SPECIES NAMECrotalus ruber
RISK TO HUMANSHighly venomous
DISTRIBUTIONPeninsular Ranges of Southwestern California
The Red Diamond rattlesnake has a heavy body, stout tail, and a head that spans about twice the size of its neck. The coloration of this species is variable to match the environment and ranges from pink, reddish-tan, and reddish-brown to brick red. The dorsal surface consists of diamond shaped blotches with light edges that extend down the sides, getting smaller in size but consistent in shape. Black and white rings similar in width or with the white rings appearing just slightly wider circle the end of the tail to the rattle. A diagonal stripe, light or dark in appearance depending on the individual, extends from the bottom edge of the eye to the corner of the mouth. The underbelly is a light dull yellow and exhibits no markings. Adult sizes range from 30-65 inches, typically reaching 24-54 inches.
Restricted to the Peninsular Ranges of Southwestern California. Inhabits arid scrub, coastal chaparral, oak and pine woodlands, rocky grasslands, mesquite/cactus, and cultivated areas. Most commonly found in foothills of the mountains and into the dry rocky desert flats. At risk due to habitat loss in coastal regions.
Specializes in small mammals such as rabbits, ground squirrels, woodrats, and mice. Secondary prey includes birds, lizards, and occasionally other snakes.

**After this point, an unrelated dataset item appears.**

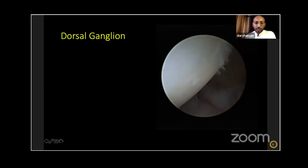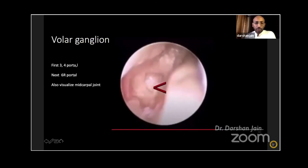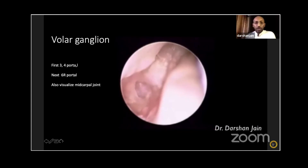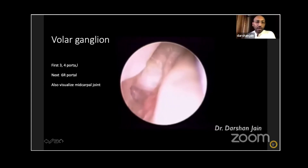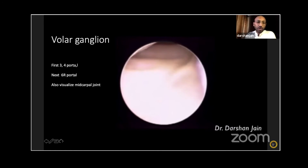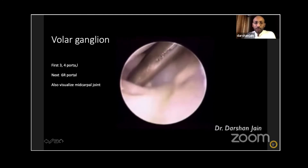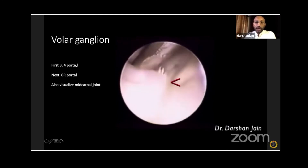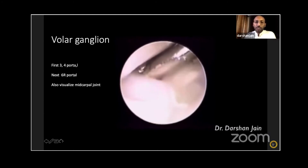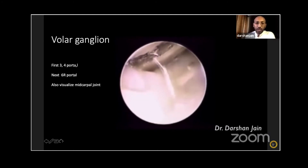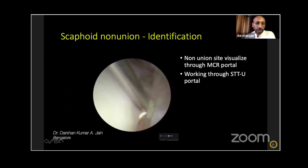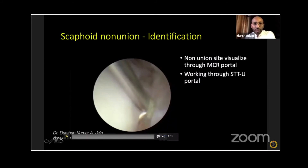About one centimeter of capsule is removed. For volar ganglions, it's best done with dry arthroscopy — establish the 3-4 portal, then the 6R portal. Dorsal ganglions are more difficult to do dry whereas volar ganglions are easier. Once the cyst is opened and working through the radiocarpal joint, you can identify the scaphoid. The next condition is scaphoid non-union.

Typically unaggressive. Will remain motionless or move away from threats, but may rattle and strike if provoked or startled. Primarily nocturnal or crepuscular during warmer months, but may be active during the daytime cooler days. or in cooler shaded areas within boulder fields. Have been reported partially climbing easily accessible shrubs and trees. Mating occurs in the spring with 3-20 live young born between July and September. Neonates measure 10-12 inches at birth.